It’s got range, baby.
This is about high-performance vehicles and distance on a battery charge.
The all-electric Mustang Mach-E GT and GT Performance Edition completed U.S. Environmental Protection Agency certification and crushed company goals, Ford Motor Co. announced.
Ford revealed it had hoped to achieve an EPA-estimated range of 250 miles on a full battery charge but, instead, reached 270 miles with the GT. Meanwhile, on the GT Performance Edition, Ford was shooting for an EPA-estimated range of 235 miles but, instead, reached 260 miles.
What’s the difference between the models?
The 0-60 mph on the Performance Edition is 3.5 seconds.
The 0-60 mph on the GT is 3.8 seconds.
By comparison, the 0-60 on the standard Mach-E ranges from 4.8 second to 6.1 seconds. Battery size in the vehicle plays a key role.
“More than half of our orders for the #MustangMachE GT have been for the Performance Edition,” Ford CEO Jim Farley tweeted.
Farley, a competitive race car driver, told the Free Press months ago that he had ordered the Mustang Mach-E GT Performance Edition. He has earned a reputation over the years for appreciating speed and handling, on and off the track.
Demand for the Mustang Mach-E First Edition was sold out and orders have been steadily flowing for other non-GT models. Industry data shows the all-electric Ford vehicle is stealing customers from competitors.
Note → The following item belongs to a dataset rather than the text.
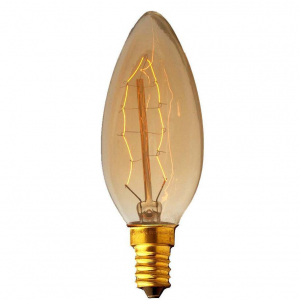 Лампа накаливания E14 40W прозрачная 3540-G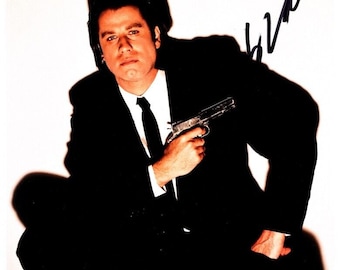 ジョン・トラボルタ サイン入り 8x10 写真（ライトハウス COA 付き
Darren Palmer, Ford global director, battery electric vehicles, said in a news release on Wednesday that the company has had GT and Performance Edition orders come in from every state in the country.
“I’m really thrilled with what the team has achieved here,” he told the Free Press. “It’s not easy engineering a performance BEV (battery electric vehicle) as capable as this and with this much range.”
Ford is careful to note that range results may be impacted by weather, driving behaviors, vehicle maintenance, lithium-ion battery age and health.
“Whether it’s gallons of gasoline or hours of kilowatts, there’s a trade off between efficiency and performance,” said industry analyst John McElroy, host of the “Autoline After Hours” webcast and podcast. “The faster you want to go, the more energy your car will consume. But it’s easy to predict which way hardcore Mach-E buyers will choose. They’ll go with the GT Performance models.”
Mustang Mach-E GT and Mustang Mach-E GT Performance Edition will be available in Cyber Orange Metallic Tri-Coat exclusively, as well as Grabber Blue Metallic — previously available only on First Edition. Other colors include new Dark Matter Gray Metallic, Rapid Red Metallic Tinted Clearcoat, Star White Metallic Tri-Coat, Shadow Black, Iconic Silver Metallic and Space White Metallic.
“With Mustang Mach-E GT and Mustang Mach-E GT Performance Edition, we’re pushing the boundaries of what an electric vehicle can offer,” Dave Pericak, vehicle program director, said in a news release on April 26. “These Mustang Mach-E models not only give customers the added capability expected from the GT name, but the responsiveness of their electric powertrains will ensure they have a thrilling experience behind the wheel.”
The GT has electric all-wheel-drive and permanent magnetic dual motors, including an upgraded secondary electric motor that powers the front wheels for a combined power output of 480 horsepower and 600 pound-feet of torque.
The GT Performance Edition pumps out 480 horsepower and 634 pound-feet of torque – the same horsepower as the Mustang Mach 1 performance coupe but with 214 pound-feet additional torque, Ford said.
“Mustang Mach-E GT Performance Edition delivers more torque, grip and better handling by drawing more power from its battery pack,” Ford said in April.
The Mustang Mach-E GT starts at $59,900 and the Mustang Mach-E GT Performance Edition starts at $64,900 in the U.S., not including delivery fees. The company is scheduled to begin deliveries in the fall.
These and other all-electric vehicles qualify for up to $7,500 in federal tax incentives.